The field type of large format camera photographed below --an old Linhof 5x4 Technika IV film camera --- is very much the opposite of the automation of the modern, medium format digital camera, with their possibilities of auto image stacking, stitching, automatic perspective correction, and sharp lenses that go in the direction that folks call 'clinical'. With the Linhof everything is manual. Nothing is automatic. It is rudimentary equipment and it's slow work.
The Linhof does offer a different kind of photographic experience --a more contemplative one--as well as a different aesthetic in that it enable the extended toe and shoulder of sheet film.
With the advances in digital technology the world of medium format digital cameras has changed and, with the cropped 33x44mm cropped medium format 50 megapixels cameras --( Pentax 645Z, Fujifilm's GFX and Hasselblad 1XD), medium format digital cameras are now within people's grasp. These cameras, especially the Fujifilm GFX and the Hasselblad X1D, are attractive options as they avoid the need for the expensive digital back the Linhof Techno needs, have lightweight bodies, smallish lenses, rich and full quality files, and are able to be carried around in the field. The 100mp CMOS sensor versions are expected around 2019.

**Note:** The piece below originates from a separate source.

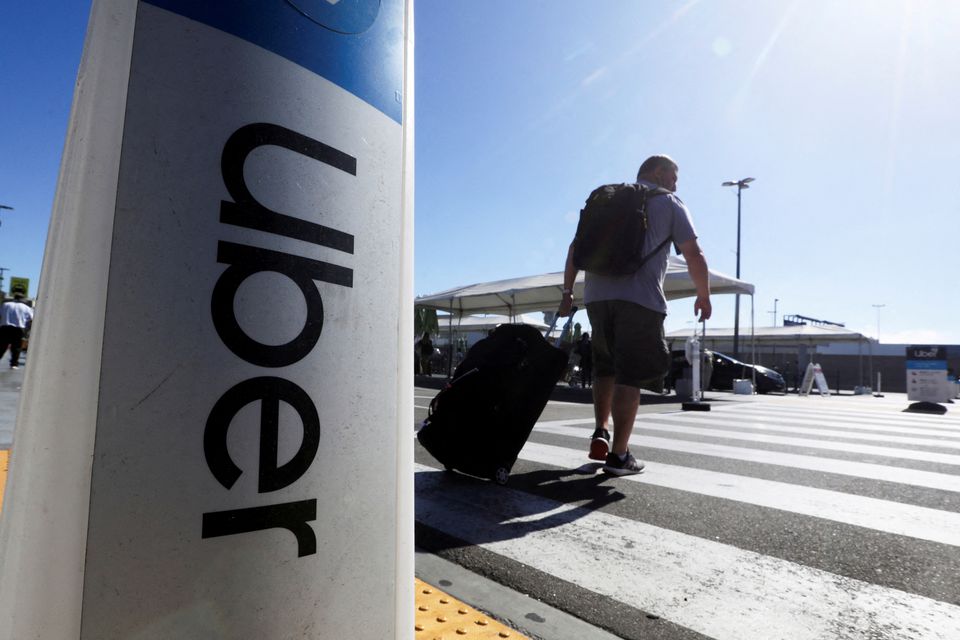 image Uber turns cash flow positive for the first time, shares surge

What this means is that people are moving away from using 5x4 film cameras and 35mm DSLR's and they are willing to make the $15, 000 minimum investment that is required to acquire a medium format digital camera and avoid the pitfalls of second hand digital backs. They find the high level micro-contrast of the modern lenses attractive, whereas I find them too clinical.
I will stick with just updating my 35mm digital camera by investing in a Sony A7r111 for my hand held work, and continuing to use a large format film camera for the tripod work. I have no need to invest in a medium format digital camera.